I have not even talked about the best character in the movie: the anthropomorphic horse, Maximus. I will be the first to admit that I find the overreliance on the quirky animal sidekicks in Disney movies overdone and patronizing to its audiences . This does not apply to that magnificent steed. Maximus is a horse with a fully developed moral compass and sense of right and wrong. Let me just break this down for you who did not learn everything they know about philosophy from watching “The Good Place.” At the beginning of the movie, Maximus is after Flynn because Flynn committed a moral wrong. He hurt someone, the royal family, by taking something that didn’t belong to him and Maximus seems willing to die to right this wrong. 

But then that freakin’ horse, with his developed idea of morality, realizes the error of his ways. 

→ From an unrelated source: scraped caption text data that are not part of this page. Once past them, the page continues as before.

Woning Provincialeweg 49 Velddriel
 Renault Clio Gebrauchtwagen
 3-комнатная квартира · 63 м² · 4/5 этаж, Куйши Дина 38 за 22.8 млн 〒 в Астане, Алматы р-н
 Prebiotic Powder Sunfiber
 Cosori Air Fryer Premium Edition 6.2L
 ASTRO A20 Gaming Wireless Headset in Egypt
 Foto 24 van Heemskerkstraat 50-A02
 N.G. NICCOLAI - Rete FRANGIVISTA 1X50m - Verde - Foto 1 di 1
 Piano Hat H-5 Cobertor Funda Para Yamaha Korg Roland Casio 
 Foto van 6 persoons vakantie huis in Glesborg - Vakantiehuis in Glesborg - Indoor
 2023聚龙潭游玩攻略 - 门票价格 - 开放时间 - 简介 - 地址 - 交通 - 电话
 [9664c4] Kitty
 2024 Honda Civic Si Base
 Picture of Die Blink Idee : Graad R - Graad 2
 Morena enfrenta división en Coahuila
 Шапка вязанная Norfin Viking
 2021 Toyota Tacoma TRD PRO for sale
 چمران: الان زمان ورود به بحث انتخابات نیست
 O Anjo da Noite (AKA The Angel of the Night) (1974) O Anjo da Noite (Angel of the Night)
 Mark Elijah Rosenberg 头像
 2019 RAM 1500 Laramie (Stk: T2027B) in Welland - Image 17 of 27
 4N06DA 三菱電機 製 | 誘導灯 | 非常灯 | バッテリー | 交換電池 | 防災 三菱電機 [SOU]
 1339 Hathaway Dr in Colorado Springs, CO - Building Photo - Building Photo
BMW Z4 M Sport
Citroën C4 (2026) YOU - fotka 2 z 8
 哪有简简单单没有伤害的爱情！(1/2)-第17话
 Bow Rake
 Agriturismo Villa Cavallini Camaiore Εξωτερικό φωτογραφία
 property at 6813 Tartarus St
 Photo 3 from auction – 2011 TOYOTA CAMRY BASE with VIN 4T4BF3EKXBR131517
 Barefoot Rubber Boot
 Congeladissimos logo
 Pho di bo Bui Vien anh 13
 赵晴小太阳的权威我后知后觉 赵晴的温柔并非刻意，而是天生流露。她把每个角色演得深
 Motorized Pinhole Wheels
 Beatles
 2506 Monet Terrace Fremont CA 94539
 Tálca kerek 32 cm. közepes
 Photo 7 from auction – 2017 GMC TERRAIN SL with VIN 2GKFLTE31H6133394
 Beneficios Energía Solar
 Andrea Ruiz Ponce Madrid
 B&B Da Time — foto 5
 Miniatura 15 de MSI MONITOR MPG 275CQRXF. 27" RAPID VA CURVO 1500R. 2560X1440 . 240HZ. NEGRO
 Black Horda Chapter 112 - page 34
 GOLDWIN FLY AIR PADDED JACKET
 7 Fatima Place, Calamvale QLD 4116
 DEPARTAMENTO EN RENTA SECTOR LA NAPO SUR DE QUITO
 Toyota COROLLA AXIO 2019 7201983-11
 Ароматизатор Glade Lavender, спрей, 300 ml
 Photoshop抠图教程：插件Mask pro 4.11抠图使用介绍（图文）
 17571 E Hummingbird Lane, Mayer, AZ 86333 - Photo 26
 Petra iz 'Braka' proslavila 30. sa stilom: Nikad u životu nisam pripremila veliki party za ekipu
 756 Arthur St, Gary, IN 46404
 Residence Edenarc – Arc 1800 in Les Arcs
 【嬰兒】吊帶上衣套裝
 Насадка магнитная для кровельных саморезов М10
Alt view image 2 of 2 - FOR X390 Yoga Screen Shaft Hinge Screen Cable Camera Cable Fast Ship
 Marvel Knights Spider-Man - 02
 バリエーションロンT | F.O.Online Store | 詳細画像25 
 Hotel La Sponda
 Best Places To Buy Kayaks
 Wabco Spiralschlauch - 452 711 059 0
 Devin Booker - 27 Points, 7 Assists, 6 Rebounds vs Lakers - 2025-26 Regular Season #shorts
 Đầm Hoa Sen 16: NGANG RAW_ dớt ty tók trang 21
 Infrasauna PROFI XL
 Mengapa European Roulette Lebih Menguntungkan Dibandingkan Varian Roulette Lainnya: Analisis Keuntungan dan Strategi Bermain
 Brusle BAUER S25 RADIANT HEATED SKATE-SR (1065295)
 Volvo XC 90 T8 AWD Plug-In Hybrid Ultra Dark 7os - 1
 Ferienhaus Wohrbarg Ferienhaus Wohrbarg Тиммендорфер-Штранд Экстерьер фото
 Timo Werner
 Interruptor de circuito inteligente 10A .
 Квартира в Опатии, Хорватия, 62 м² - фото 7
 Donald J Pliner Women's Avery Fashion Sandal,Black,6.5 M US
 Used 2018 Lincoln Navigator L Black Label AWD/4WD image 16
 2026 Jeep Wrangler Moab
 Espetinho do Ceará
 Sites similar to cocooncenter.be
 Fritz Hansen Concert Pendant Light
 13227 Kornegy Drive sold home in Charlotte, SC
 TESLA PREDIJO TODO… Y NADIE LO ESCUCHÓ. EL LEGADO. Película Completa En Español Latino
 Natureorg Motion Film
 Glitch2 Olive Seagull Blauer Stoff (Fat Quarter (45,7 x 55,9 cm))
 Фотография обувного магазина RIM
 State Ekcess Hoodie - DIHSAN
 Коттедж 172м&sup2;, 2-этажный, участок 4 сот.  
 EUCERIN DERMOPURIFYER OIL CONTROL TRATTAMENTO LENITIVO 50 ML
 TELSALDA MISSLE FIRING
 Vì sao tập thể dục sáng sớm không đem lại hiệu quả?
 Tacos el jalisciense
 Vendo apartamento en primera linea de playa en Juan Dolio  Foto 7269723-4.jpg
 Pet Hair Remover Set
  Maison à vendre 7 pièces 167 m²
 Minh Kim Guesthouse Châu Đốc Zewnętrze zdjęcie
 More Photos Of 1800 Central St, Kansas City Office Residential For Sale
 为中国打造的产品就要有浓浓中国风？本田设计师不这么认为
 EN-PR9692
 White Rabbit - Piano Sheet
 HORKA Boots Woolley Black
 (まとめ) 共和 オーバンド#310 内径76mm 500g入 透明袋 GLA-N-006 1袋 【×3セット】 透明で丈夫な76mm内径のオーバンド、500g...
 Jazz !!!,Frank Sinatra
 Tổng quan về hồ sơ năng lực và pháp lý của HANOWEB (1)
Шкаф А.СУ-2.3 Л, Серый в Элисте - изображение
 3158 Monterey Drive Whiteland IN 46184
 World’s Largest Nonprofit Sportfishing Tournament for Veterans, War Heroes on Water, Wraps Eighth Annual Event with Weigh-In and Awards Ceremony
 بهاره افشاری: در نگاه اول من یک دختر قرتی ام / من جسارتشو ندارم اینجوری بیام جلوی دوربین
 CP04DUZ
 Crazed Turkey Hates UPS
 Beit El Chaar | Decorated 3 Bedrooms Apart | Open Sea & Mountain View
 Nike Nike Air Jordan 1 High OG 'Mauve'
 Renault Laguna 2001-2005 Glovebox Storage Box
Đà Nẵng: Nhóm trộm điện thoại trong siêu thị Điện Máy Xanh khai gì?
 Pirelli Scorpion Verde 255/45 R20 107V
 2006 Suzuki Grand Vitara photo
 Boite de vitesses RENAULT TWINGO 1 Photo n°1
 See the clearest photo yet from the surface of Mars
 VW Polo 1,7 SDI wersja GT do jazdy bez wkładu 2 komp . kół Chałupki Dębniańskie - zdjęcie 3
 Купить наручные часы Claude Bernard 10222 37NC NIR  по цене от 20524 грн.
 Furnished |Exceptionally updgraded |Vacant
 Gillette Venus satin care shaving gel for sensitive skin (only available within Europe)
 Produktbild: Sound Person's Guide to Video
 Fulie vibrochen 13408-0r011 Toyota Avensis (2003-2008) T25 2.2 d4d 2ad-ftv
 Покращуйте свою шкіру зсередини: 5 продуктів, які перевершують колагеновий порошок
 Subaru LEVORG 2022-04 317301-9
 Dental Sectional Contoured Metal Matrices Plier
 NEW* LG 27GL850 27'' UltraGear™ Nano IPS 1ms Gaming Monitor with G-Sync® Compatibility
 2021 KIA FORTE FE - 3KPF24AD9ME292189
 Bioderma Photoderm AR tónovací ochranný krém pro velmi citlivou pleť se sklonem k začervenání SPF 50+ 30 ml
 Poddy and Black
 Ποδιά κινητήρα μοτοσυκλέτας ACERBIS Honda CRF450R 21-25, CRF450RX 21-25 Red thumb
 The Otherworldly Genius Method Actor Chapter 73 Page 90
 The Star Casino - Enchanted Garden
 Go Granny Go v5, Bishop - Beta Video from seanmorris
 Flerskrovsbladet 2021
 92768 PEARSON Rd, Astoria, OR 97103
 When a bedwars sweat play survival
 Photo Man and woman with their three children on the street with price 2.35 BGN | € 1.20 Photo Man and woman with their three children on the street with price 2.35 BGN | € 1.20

When confronted with Rapunzel and the motivations for why arresting Flynn will cause her more pain and her morally pure dreams and desires, Maximus changes his mind. The horse realized that by writing one wrong (the thievery of the crown) he was in fact allowing Rapunzel to suffer and allowing the evil of Mother Gothel to continue. That freakin horse figured it out what those he served could not. The captain’s guards are all complicit and just blindly follow the orders they are given without even thinking of the moral complexity. Flynn Rider commits petty thievery? Gallows for him! Doing so will cause an innocent person pain? Those are our orders! Ah, Disney movies and their indictment of the Military industrial complex. Maximus realized that letting a man die for the minor crimes he committed would be a greater wrong to the world than his petty thievery.  

What a horse. Olaf’s adorkable literalism can eat my shorts, I’ll take my king Maximus any day. 

“Tangled”: Put that horse in charge of the U.S. government, I swear to god.

“Frozen”: Negative Elsa’s never addressed ability to give snow life

“Tangled” could subvert expectations and deliver a moving and empowering movie without having to try so hard. When thinking now on “Frozen”, I am reminded of an all-time great Onion article that shows that “Frozen”’s place in the cultural consciousness is more for its updating of expectations, one pretty good song, and not much else. “Tangled” didn’t have anything to prove, and so it could simply be perfect.

Both movies are available to watch on Disney+, as is “Frozen” II, which I have not seen, but that my 12-year-old sister assures me is better than the original “Frozen.”